* Material provided

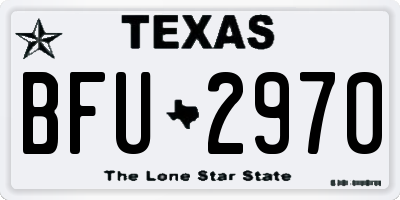 TX license plate BFU2970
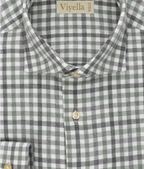 Viyella VM4611-228 Loden Green tattersall shirt, collar and fabric detail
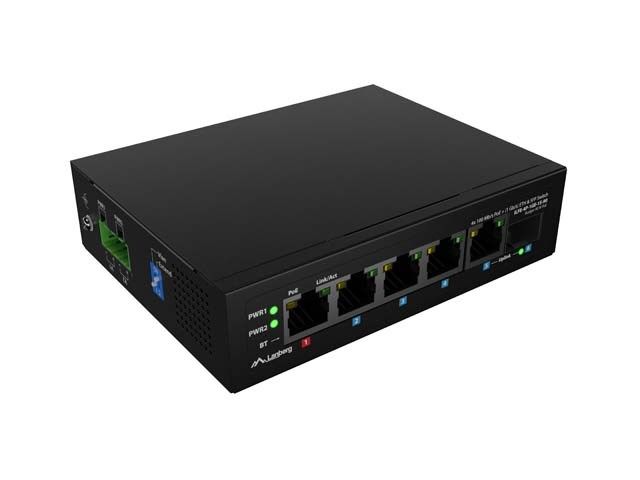 SWITCH LANBERG LIGHT INDUSTRIAL POE 1XBT 3XAT SFP+ETH DIN NIEZARZĄDZALNY FAST ETHERNET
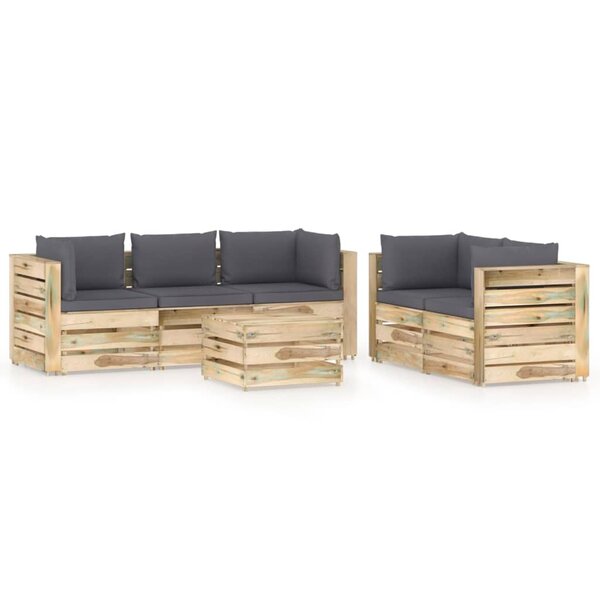 vidaXL Salon de jardin 6 Pièces avec coussins Bois imprégné de vert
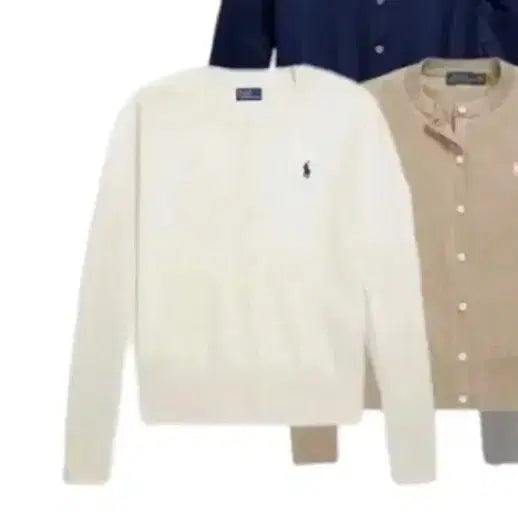 [BUNJANG] Polo Ralph Lauren Women's Pima Cotton Cardigan Cream / 폴로 랄프로렌 여성 피마코튼 가디건 크림
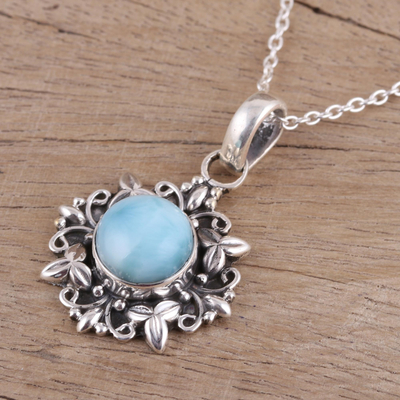 Larimar and Sterling Silver Pendant Necklace from India - Ethereal Eden ...
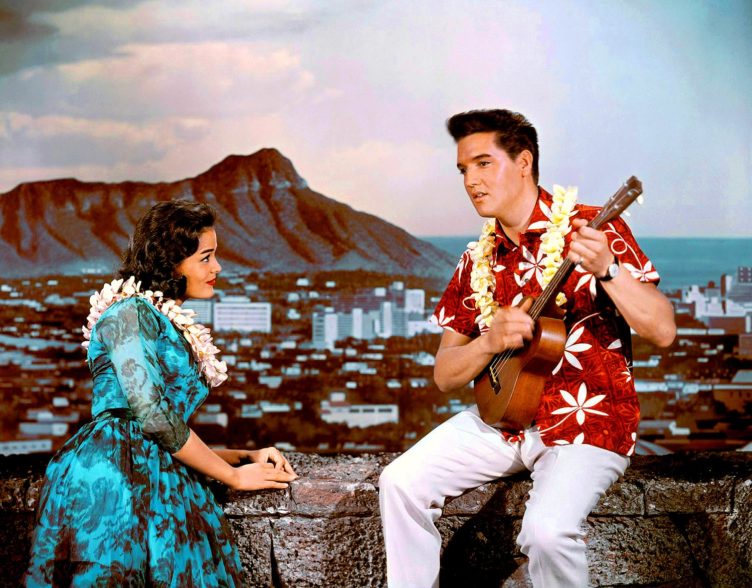 Elvis Presley in Blue Hawaii wearing and Alfred Shaheen Hawaiian shirt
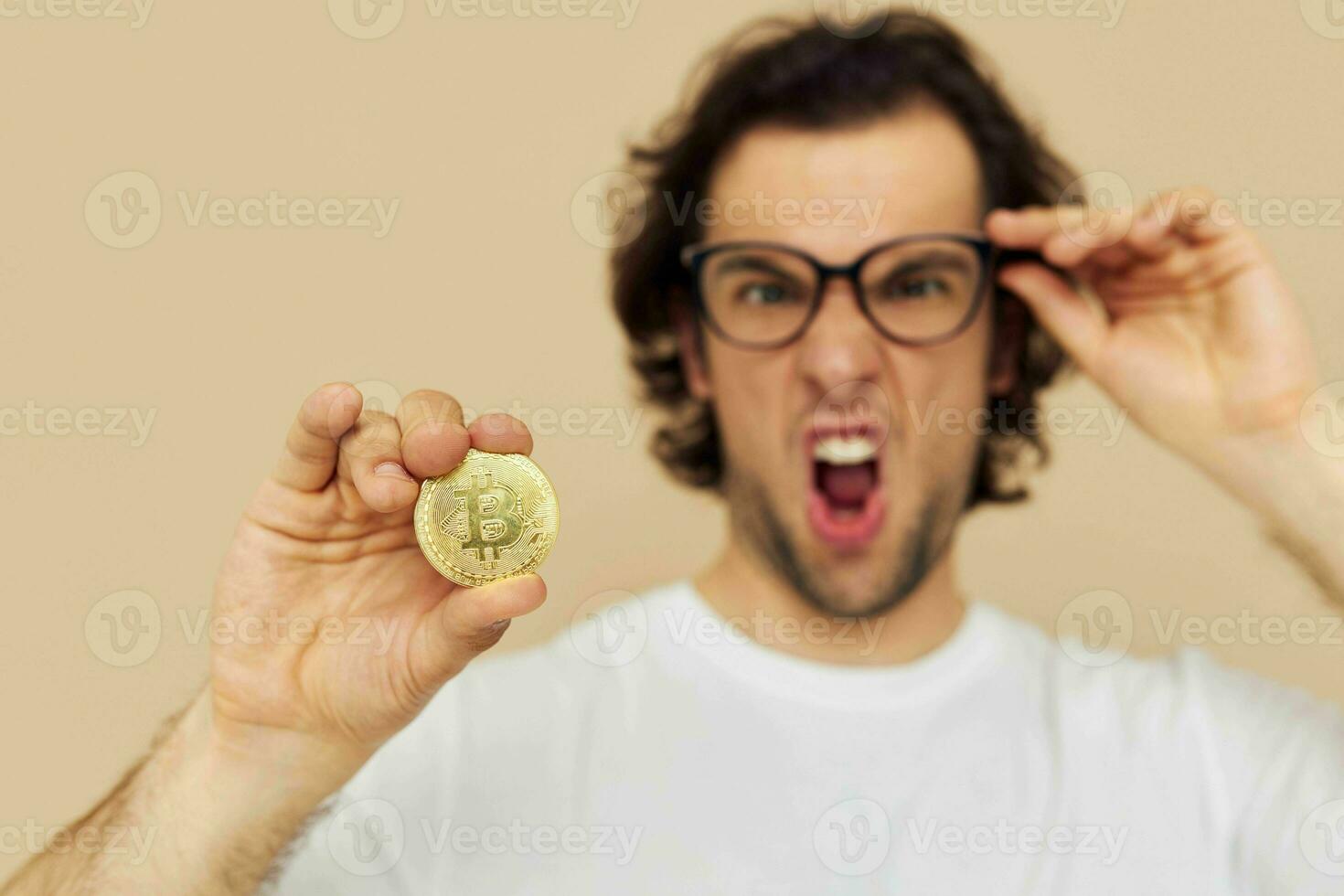 man emotions cryptocurrency finance close-up isolated background photo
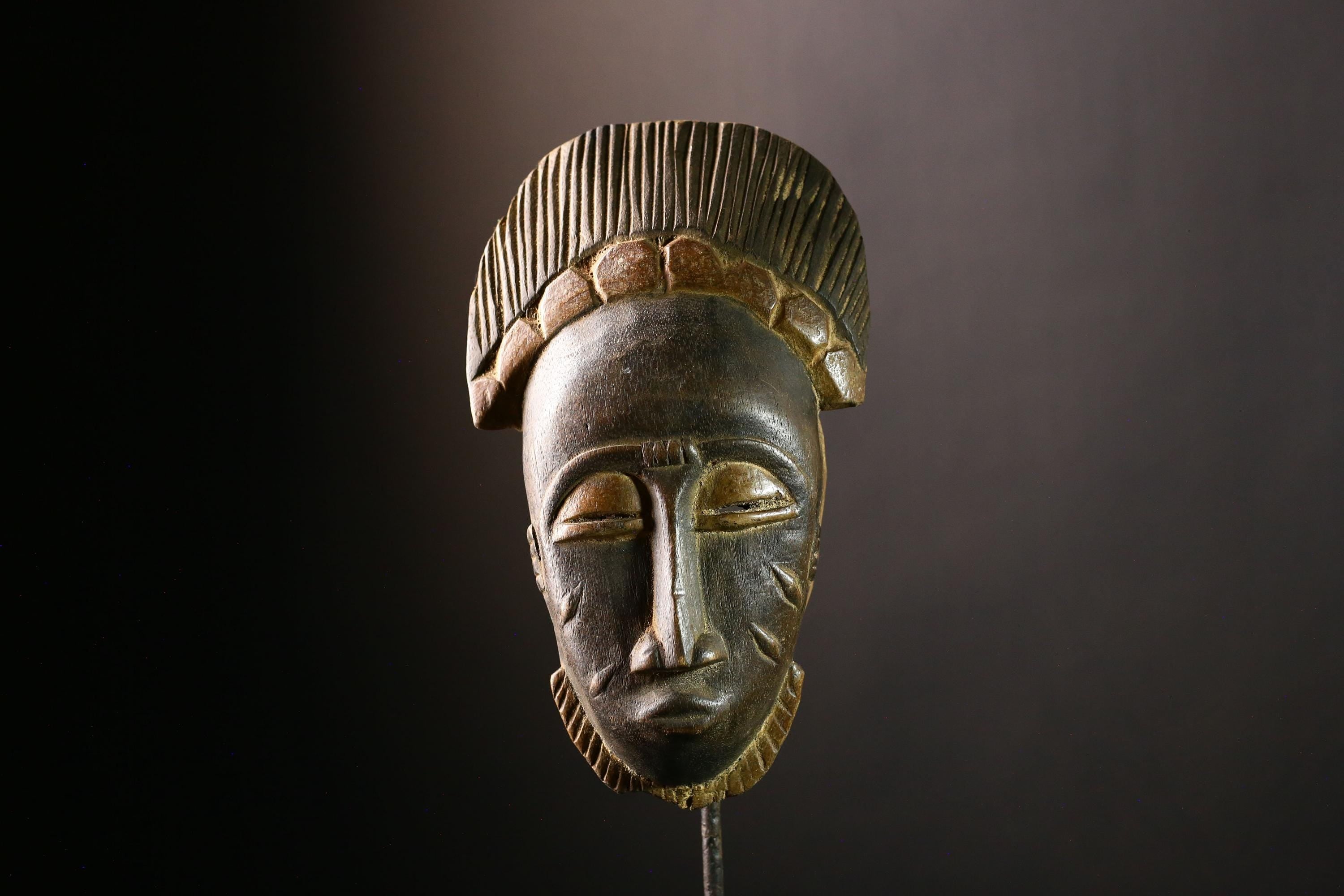 African Mask Antique Baule - Vintage Hand-Carved Wooden Tribal Face Sculpture, Unique Art Decor for Home, Collectibles, and Culture-5256
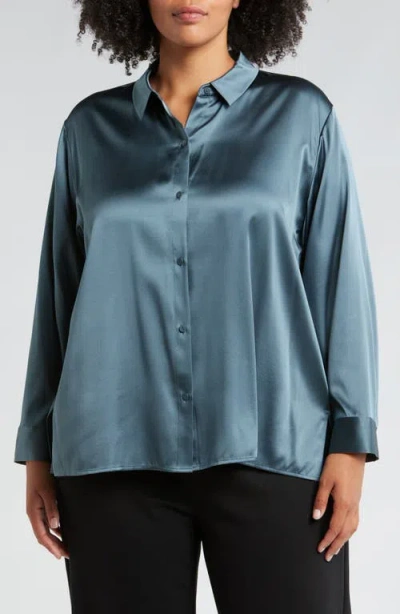 Shop Eileen Fisher Classic Collar Stretch Silk Button-up Shirt In Eucalyptus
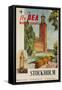 Fly Bea When in Europe, Stockholm Travel Poster-null-Framed Stretched Canvas
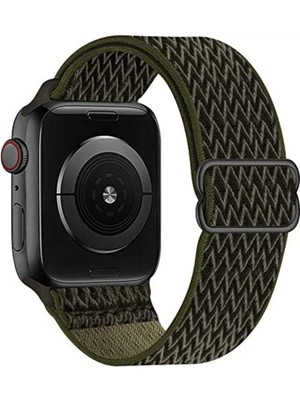 Gregoss Yeni Nesil Apple Saat Band 42-44 mm Ayarlanabilir Elastik Solo Döngü Kordon - Haki Yeşil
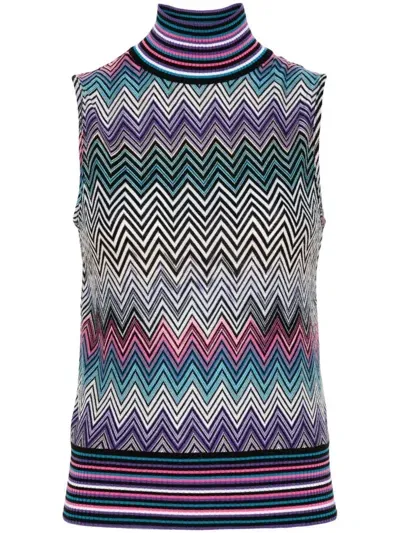 Missoni Zigzag-woven Vest In Blue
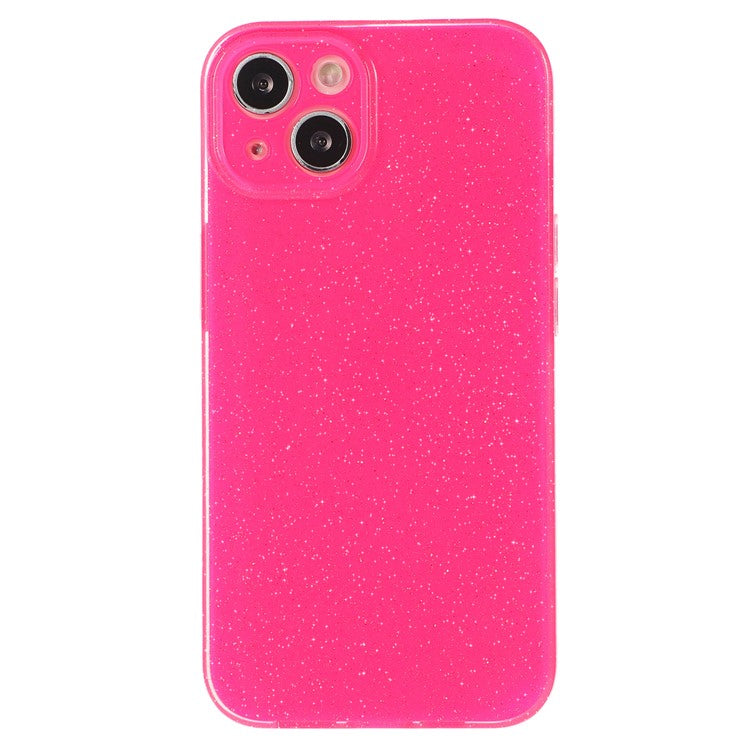 For iPhone 14 Plus Case Glittery Powder Jelly TPU Anti-drop Phone Back Cover - Rose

* Work to be completed
Produce an exact reproduction of the listing above, limited to the lines starting at the line with "Larimar and Sterling" and ending at the line with "man emotions cryptocurrency", both kept, with every picture left out.

* Answer to the exercise
 Larimar and Sterling Silver Pendant Necklace from India - Ethereal Eden ...
 Elvis Presley in Blue Hawaii wearing and Alfred Shaheen Hawaiian shirt
 man emotions cryptocurrency finance close-up isolated background photo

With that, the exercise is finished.